SECTION 2. Section 87A-40, Hawaii Revised Statutes, is amended to read as follows:
"§87A-40 Employee-beneficiary contributions; health benefit plans. (a) Each employee-beneficiary shall make a monthly contribution to the fund amounting to the difference between the monthly charge of the health benefits plan selected by the employee-beneficiary and the contribution made by the State or county for the employee-beneficiary to the fund. Nothing in this section shall prohibit any employee-beneficiary from participating in a cafeteria plan authorized under Title 26 United States Code section 125, Internal Revenue Code of 1986, as amended, and section 78-30.
(b) During the period the health benefits plan
selected by an [employee-beneficiary] active employee is in effect,
the [employee-beneficiary,] active employee, if allowed by law,
shall authorize the [employee-beneficiary's] active employee's
contribution to be withheld and transmitted to the fund monthly by the
comptroller[, employees' retirement system,] or finance officer who
disburses the [employee-beneficiary's] active employee's
compensation[, pension, or retirement pay]. If the entire amount of an [employee-beneficiary's]
active employee's contribution to the fund is not withheld and
transmitted to the fund, the [employee-beneficiary] active employee
shall pay the remaining monthly contribution[:] directly to
the fund by the first day of each month.
[(1) In the case of
an employee-beneficiary who normally receives the employee-beneficiary's compensation
from the comptroller or employees' retirement system, directly to the fund by
the first day of each month; or
(2) In the case of
all other employee-beneficiaries, to the respective finance officer from whom
the employee-beneficiary normally receives compensation for transmittal to the
fund by the first day of each month.]
(c) Each retired employee or surviving
employee-beneficiary, who enrolls as an employee-beneficiary in the health
plans offered by the fund, if allowed by law, shall authorize the retired employee
or surviving employee-beneficiary's contribution to be electronically withheld
or deducted and transmitted to the fund monthly by the employees' retirement
system or the retired employee or surviving employee-beneficiary's financial institution. This method may be waived by the fund if
another method is determined to be more appropriate. If a retired employee or surviving
employee-beneficiary's contribution to the fund is not electronically withheld
or deducted and transmitted to the fund, the retired employee or surviving
employee-beneficiary shall pay their monthly contribution directly to the fund
by the first day of each month.
[c]
(d) Notwithstanding subsection
(a), an employee-beneficiary's monthly contribution to the fund shall include
the amount that would have been the employee-beneficiary's contribution if the
employee-beneficiary had not elected to participate in the cafeteria plan."

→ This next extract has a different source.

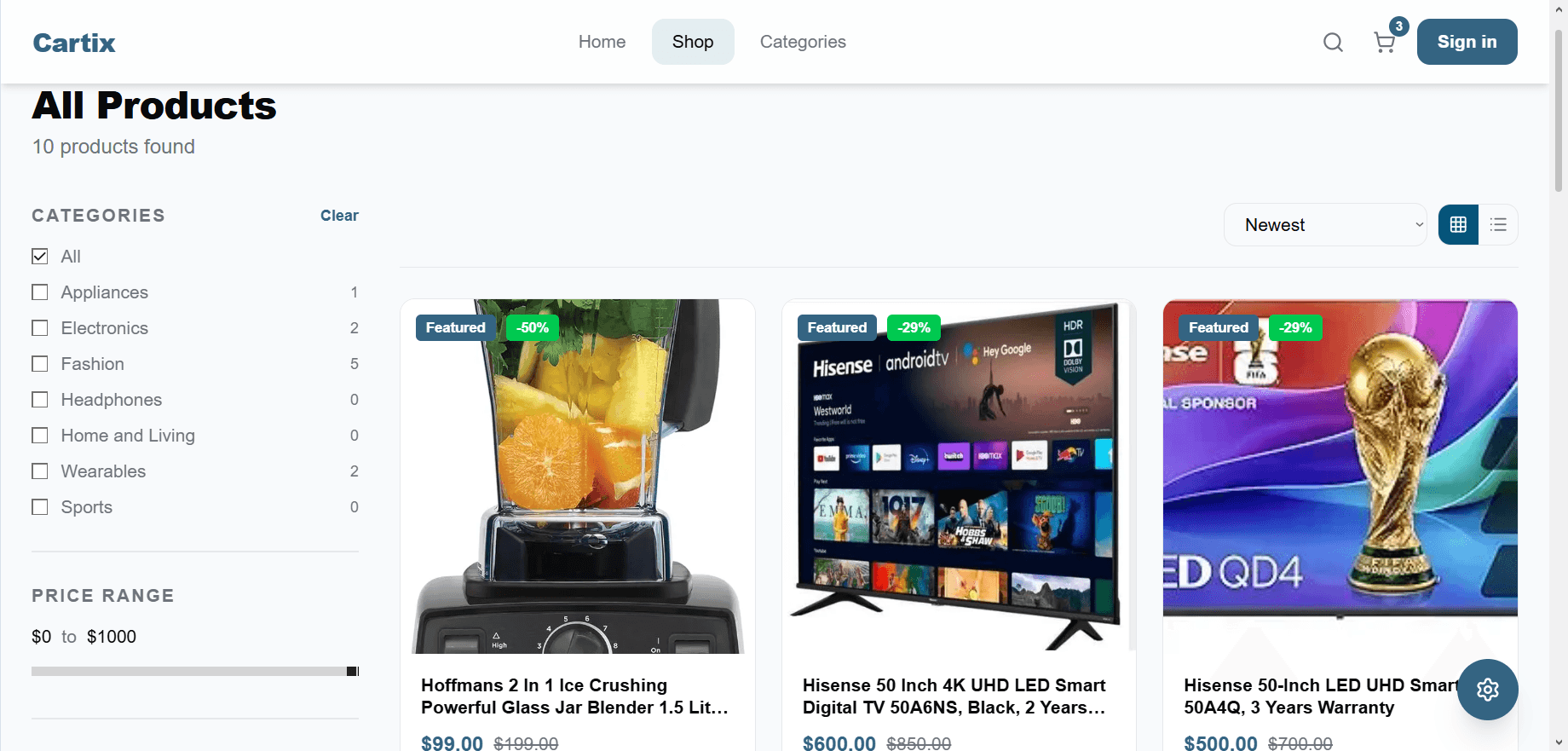 shopping page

SECTION 3. This Act does not affect rights and duties that matured, penalties that were incurred, and proceedings that were begun before its effective date.
SECTION 4. Statutory material to be repealed is bracketed and stricken. New statutory material is underscored.
SECTION 5. This Act shall take effect upon its approval.
INTRODUCED BY: |
_____________________________ |
|
BY REQUEST |
Report Title:
Hawaii Employer-Union Health Benefits Trust Fund
Description:
Amends section 87A-40, Hawaii Revised Statutes, to mandate that new retired employees pay their share of health benefits premiums through monthly electronic deductions from their employees' retirement system pension or their financial institution.
The summary description
of legislation appearing on this page is for informational purposes only and is
not legislation or evidence of legislative intent.